With the string "Ultrasound" as the filter, copy each matching line from the records.

*-*-*

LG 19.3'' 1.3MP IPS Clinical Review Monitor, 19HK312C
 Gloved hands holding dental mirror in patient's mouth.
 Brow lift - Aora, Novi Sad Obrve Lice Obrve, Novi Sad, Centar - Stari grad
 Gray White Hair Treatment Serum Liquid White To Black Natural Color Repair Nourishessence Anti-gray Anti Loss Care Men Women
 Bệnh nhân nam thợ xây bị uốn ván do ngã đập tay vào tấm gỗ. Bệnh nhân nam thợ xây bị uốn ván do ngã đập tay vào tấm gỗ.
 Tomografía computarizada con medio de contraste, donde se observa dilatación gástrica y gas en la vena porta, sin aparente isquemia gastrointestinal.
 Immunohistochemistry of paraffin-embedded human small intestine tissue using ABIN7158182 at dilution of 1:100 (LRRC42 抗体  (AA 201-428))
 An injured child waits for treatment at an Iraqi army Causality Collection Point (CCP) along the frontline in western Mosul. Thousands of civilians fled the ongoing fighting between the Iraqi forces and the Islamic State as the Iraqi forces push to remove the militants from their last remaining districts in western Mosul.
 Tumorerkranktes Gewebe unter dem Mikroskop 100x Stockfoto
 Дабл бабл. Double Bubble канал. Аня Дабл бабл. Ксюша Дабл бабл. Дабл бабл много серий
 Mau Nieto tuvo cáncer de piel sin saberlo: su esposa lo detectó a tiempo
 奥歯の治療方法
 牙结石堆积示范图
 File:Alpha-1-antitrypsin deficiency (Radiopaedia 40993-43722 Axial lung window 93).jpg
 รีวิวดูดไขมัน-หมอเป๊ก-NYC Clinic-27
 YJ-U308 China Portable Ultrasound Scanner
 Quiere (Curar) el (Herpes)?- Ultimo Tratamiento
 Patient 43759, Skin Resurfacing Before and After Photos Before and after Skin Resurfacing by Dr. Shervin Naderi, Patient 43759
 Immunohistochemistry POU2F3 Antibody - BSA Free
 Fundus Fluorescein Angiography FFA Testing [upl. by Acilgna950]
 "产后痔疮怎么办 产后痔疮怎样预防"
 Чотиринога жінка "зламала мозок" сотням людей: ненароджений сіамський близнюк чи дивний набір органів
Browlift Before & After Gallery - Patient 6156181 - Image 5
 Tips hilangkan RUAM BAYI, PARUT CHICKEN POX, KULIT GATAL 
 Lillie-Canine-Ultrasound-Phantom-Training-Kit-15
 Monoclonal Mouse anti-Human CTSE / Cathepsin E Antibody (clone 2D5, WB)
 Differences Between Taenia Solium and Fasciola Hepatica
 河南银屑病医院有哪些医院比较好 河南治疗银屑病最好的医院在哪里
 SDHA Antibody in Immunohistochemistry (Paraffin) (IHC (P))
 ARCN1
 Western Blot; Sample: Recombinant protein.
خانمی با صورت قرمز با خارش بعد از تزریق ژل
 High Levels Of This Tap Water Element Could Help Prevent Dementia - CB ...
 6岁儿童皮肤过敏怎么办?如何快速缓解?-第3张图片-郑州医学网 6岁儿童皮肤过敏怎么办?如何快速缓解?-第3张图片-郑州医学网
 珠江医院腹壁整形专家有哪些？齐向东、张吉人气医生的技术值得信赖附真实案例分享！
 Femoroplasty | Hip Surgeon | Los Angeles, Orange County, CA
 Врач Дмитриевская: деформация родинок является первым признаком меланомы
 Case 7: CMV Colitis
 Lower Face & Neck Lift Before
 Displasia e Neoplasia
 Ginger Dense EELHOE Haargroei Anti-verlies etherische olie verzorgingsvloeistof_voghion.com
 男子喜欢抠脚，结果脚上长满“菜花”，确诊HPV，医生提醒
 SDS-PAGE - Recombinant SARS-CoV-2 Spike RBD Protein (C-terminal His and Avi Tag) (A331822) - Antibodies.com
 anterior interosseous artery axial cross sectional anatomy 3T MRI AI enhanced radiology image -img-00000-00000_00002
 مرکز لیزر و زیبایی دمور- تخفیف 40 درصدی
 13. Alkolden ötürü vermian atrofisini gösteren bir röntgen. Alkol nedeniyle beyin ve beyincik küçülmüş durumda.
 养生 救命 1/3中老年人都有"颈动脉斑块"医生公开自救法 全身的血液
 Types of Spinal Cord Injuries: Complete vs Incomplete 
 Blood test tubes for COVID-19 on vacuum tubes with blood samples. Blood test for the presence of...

*-*-*

# OUTPUT FOR THIS EXERCISE
 YJ-U308 China Portable Ultrasound Scanner
 Lillie-Canine-Ultrasound-Phantom-Training-Kit-15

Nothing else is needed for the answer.